So as the days go by I am just getting more and more frustrated with Liam… like sure, make time for everything but me… a couple of weeks ago he said he didn’t have any commitments this weekend. And then last weekend he said he could see me Saturday, then on Wednesday he said he could see me on Sunday and now he’s saying only a couple of hours Saturday or Sunday… I’m so frustrated I’m crying.
I’ve been trying so hard this past week to be positive but it’s just wearing off. I’m so annoyed I’m shaking… I’ve tried so hard to give him the benefit of the doubt but I’m so annoyed and mad… I’m getting mad and I keep asking myself why I feel this way. We’re not together and he has no need to spend time with me, I’m like always an after thought.
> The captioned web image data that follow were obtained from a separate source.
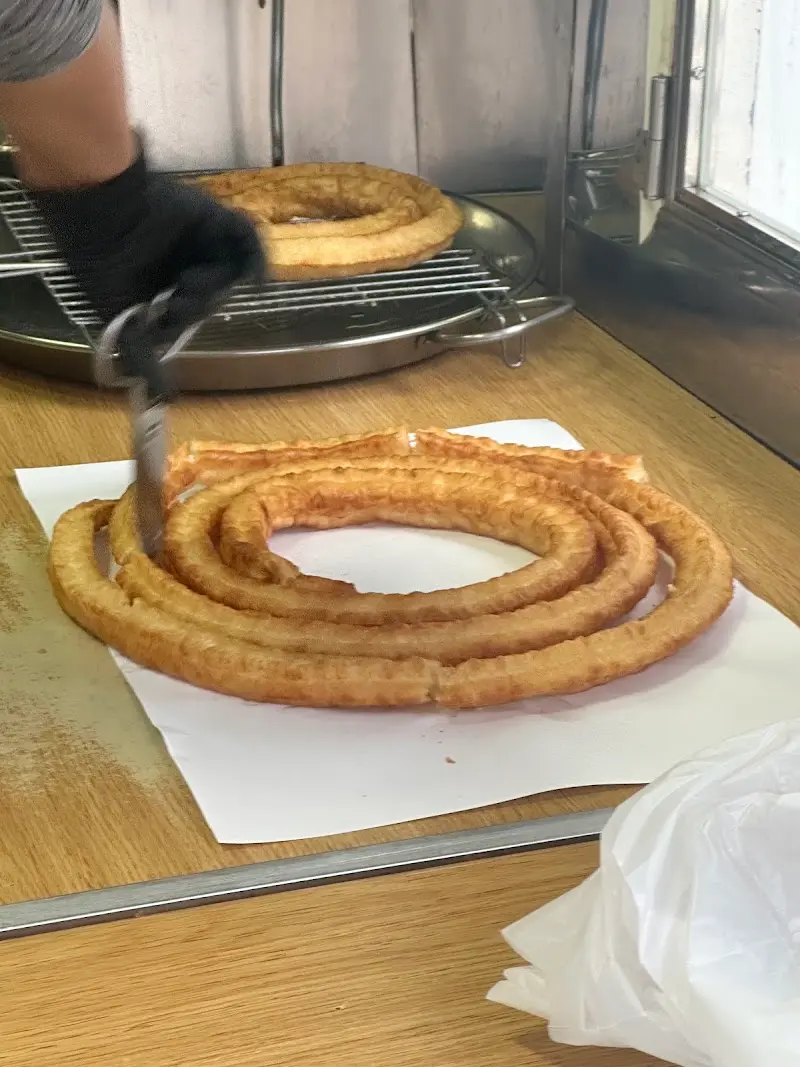Churrero cortando la rueda de churros con tijeras sobre el mostrador de madera
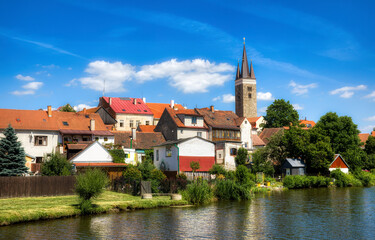 Fototapeta na wymiar Houses in Beautiful Telc by the Lake Ulicky Rybnik in the Czech Republic, with the Tower of the Church of the Holy Spirit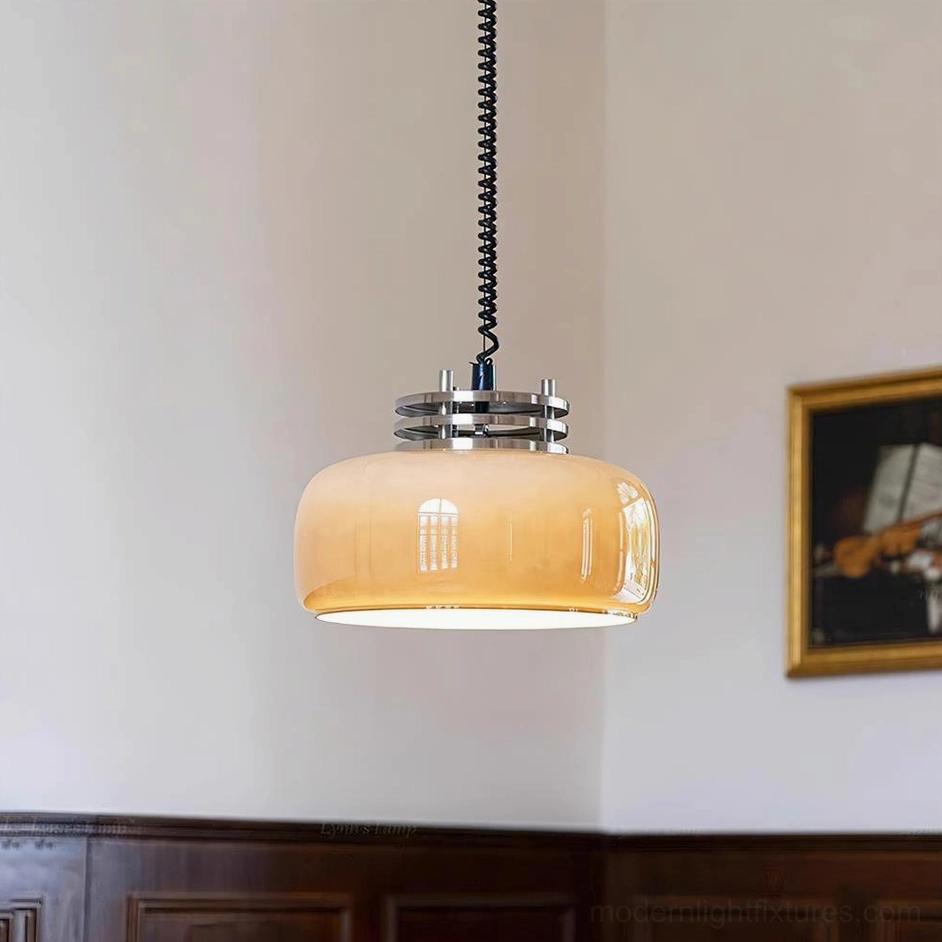 Illuminated Vela pendant light with warm amber glow in vintage dining room, close-up front view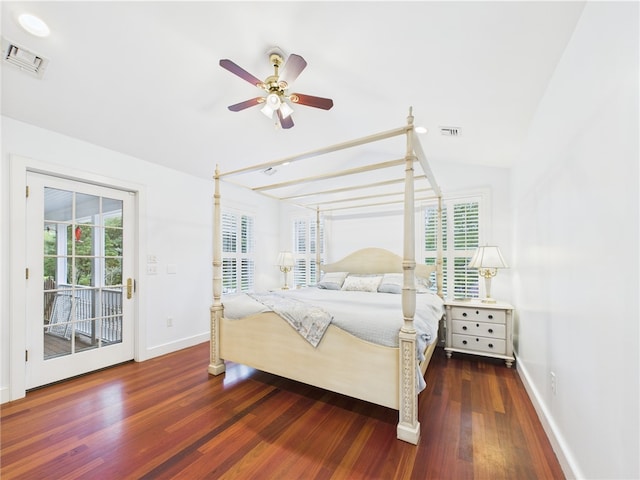 bedroom with access to exterior, multiple windows, vaulted ceiling, wood finished floors, and baseboards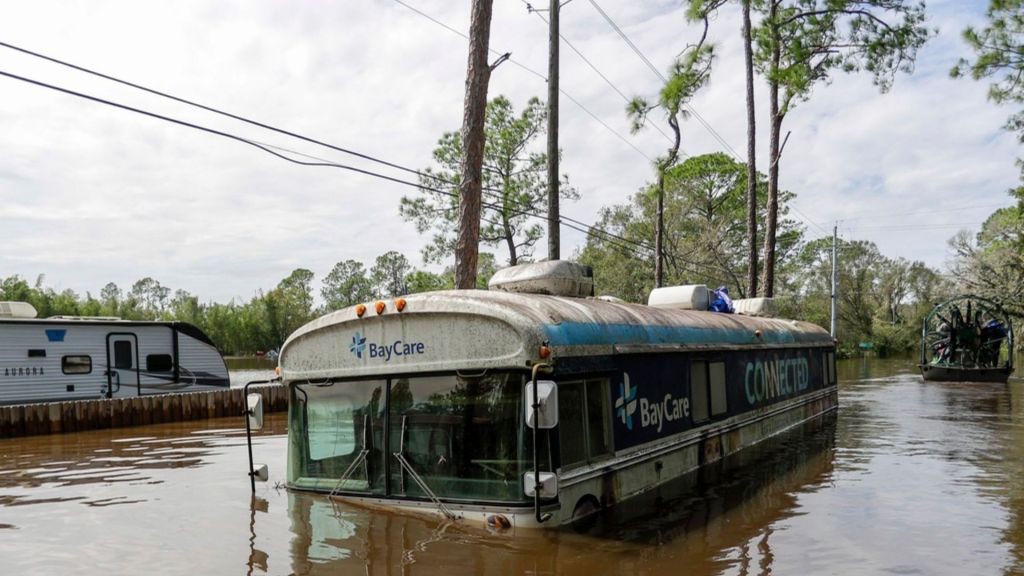 Residents slog through flooded streets, clear debris after Hurricane Milton tore through Florida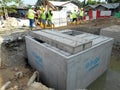 Underground drainage manhole under construction by construction workers at the construction site. Royalty Free Stock Photo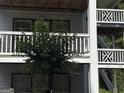 Close-up shot of a multi-story building exterior with gray siding and staircases at 3480 Shepherds Path, Decatur, GA 30034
I’m so done and I’ve said it before and I’ll say it again but I don’t know, things need to change or I should abandon this. I feel like I’m just going to walk away from him with tears rolling down my face but continue to do it because I’m just that hurt. I don’t like people who blow me off, sometimes I honestly feel like saying “fuck you”.
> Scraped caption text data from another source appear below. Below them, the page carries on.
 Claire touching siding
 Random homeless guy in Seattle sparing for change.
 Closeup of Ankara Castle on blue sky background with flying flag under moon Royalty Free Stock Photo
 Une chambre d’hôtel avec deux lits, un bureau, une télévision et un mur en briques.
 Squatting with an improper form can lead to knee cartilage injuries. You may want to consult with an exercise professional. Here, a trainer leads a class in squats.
It’s probably true that we are a nightmare together. I am more frustrated and earlier I was paralyzed… my emotions are so strong sometimes that they can literally be paralyzing. He replies to me the next day a lot and my anger and frustration are making my blood boil because I’m tired of being the last person he feels like he wants to spend time with.
The worst part is I will never not have this problem, bipolar is forever… relationship or not. Fuck bipolar, fuck me, fuck it all! Why am I even so mad? I have a stupid boy who doesn’t want me, doesn’t miss me, doesn’t even care if I move back to Canada. But then he’s going to take me out to dinner on Thursday, honestly can’t understand him to save my life.
When will that moment come when I’m just over this and can tell him no thanks? Being done with all of this would be nice. Emotions put in the trash, cruel bitch can come out to play because I need to be harder and stop getting hurt.